Debuginfod project update: New clients and metrics

Debuginfod project update: New clients and metrics

It’s been about a year since our last update about debuginfod, an HTTP file server that serves debugging resources to debugger-like tools. Since then, we’ve been busy integrating clients across a range of developer tools and improving the server’s available metrics. This article covers the features and improvements we’ve added to debuginfod since our last update.

Note: For an introduction to debuginfod and how to use it, check out our first article introducing debuginfod and the follow-up explaining how to set up your own debuginfod services.

New debuginfod clients

Debuginfod is a part of the elfutils project. Tools that already use elfutils to find or analyze debugging resources automatically inherit debuginfod support. Tools like Systemtap, Libabigail, and dwgrep all inherit debuginfod this way. In Systemtap, for example, debuginfod offers new ways to specify which processes to probe. Previously, if you wanted to explore a running user process, you would have to provide either a process identifier (PID) or the executable path. With debuginfod, Systemtap can probe processes according to build-id, as well. So, it is possible to investigate specific versions of a binary independently from the location of the corresponding executable file.

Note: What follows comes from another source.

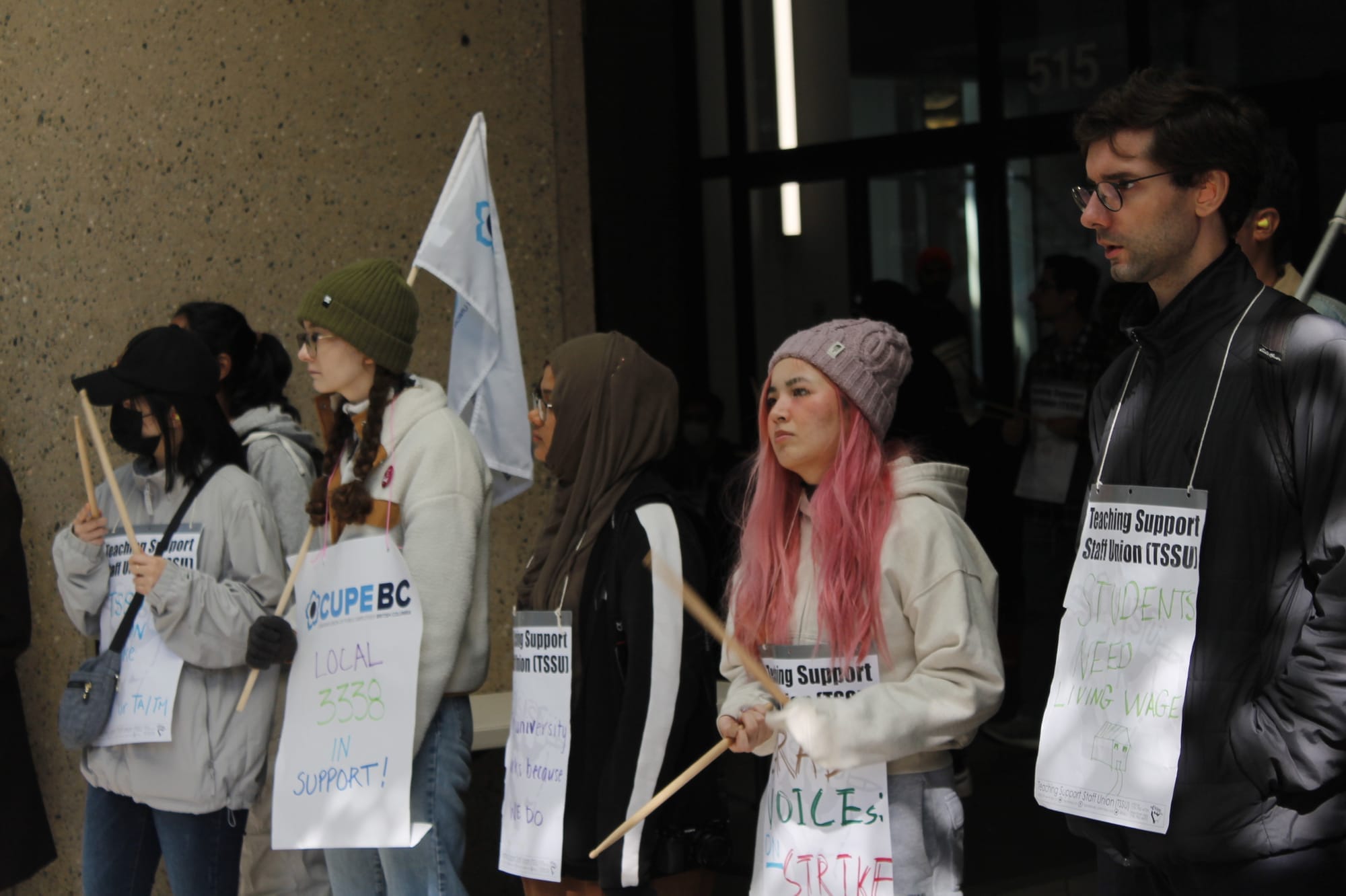 Striking workers wearing white signs stand outside Simon Fraser University in Vancouver.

Debuginfod includes a client library (libdebuginfod) that lets other tools easily query debuginfod servers for source files, executables, and of course, debuginfo—generally, DWARF (debugging with attributed record format) debuginfo. Since last year, a variety of developer tools have integrated debuginfod clients. As of version 2.34, Binutils includes debuginfod support for its components that use separate debuginfo (readelf and objdump). Starting in version 9.03, the Annobin project contains debuginfod support for fetching separate debuginfo files, and support for Dyninst is planned in version 10.3.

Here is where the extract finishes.